PROBLEM STATEMENT.
The records below hold a stretch from the line with "The Rug House" through the line with "Hand-Knotted Heriz Serapi"; return exactly those lines, ends included, and nothing more.
= Beginning of Section =
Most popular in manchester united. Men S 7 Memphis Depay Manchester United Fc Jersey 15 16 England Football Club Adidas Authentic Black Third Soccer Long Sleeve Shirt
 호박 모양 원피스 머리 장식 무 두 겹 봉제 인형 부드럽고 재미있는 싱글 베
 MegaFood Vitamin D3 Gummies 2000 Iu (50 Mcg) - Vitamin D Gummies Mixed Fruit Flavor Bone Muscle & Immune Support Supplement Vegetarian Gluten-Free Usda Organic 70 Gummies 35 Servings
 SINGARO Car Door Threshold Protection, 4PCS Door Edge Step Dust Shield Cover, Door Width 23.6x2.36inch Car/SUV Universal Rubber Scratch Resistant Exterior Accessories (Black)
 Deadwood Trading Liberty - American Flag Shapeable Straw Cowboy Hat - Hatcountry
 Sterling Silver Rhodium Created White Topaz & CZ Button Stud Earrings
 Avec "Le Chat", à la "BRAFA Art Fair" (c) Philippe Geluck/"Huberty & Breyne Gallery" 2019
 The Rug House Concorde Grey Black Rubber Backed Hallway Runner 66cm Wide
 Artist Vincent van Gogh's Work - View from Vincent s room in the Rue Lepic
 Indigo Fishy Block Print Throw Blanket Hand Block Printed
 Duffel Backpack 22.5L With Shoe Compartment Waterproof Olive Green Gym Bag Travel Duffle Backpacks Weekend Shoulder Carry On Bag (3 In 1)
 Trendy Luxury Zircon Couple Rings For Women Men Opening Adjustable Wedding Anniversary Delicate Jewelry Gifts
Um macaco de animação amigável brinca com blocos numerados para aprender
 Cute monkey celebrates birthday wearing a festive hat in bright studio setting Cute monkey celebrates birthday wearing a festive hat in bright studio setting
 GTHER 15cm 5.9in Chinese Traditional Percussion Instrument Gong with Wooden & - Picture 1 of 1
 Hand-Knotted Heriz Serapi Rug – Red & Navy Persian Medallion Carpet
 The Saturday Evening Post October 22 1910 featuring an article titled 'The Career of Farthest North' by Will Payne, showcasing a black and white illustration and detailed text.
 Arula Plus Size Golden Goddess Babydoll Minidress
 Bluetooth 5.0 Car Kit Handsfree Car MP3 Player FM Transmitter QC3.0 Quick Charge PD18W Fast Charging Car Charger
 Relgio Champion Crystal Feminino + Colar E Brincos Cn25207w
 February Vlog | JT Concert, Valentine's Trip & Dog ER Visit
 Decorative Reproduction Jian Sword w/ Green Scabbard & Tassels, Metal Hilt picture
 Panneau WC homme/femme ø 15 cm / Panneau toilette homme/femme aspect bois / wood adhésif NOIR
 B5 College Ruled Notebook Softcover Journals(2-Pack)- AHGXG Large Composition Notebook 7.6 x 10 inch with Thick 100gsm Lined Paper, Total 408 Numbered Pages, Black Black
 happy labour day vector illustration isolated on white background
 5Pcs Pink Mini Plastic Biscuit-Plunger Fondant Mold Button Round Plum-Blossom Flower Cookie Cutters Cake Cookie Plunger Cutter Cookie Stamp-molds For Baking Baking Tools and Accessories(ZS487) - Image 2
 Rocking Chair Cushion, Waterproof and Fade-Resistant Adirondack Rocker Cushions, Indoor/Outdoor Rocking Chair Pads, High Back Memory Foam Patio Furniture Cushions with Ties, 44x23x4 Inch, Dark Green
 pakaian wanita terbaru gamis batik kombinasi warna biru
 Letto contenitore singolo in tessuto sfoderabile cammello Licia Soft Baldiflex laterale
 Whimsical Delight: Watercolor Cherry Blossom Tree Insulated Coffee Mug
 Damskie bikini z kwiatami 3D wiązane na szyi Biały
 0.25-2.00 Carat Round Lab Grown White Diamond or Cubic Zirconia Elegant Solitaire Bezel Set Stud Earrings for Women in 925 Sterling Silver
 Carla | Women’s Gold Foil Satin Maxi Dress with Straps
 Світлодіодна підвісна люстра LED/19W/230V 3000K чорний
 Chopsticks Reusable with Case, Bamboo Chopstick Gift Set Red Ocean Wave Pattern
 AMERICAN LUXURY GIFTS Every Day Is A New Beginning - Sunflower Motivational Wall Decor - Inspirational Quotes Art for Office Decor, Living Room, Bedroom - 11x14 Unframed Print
= End of Section =
YOUR SOLUTION.
 The Rug House Concorde Grey Black Rubber Backed Hallway Runner 66cm Wide
 Artist Vincent van Gogh's Work - View from Vincent s room in the Rue Lepic
 Indigo Fishy Block Print Throw Blanket Hand Block Printed
 Duffel Backpack 22.5L With Shoe Compartment Waterproof Olive Green Gym Bag Travel Duffle Backpacks Weekend Shoulder Carry On Bag (3 In 1)
 Trendy Luxury Zircon Couple Rings For Women Men Opening Adjustable Wedding Anniversary Delicate Jewelry Gifts
Um macaco de animação amigável brinca com blocos numerados para aprender
 Cute monkey celebrates birthday wearing a festive hat in bright studio setting Cute monkey celebrates birthday wearing a festive hat in bright studio setting
 GTHER 15cm 5.9in Chinese Traditional Percussion Instrument Gong with Wooden & - Picture 1 of 1
 Hand-Knotted Heriz Serapi Rug – Red & Navy Persian Medallion Carpet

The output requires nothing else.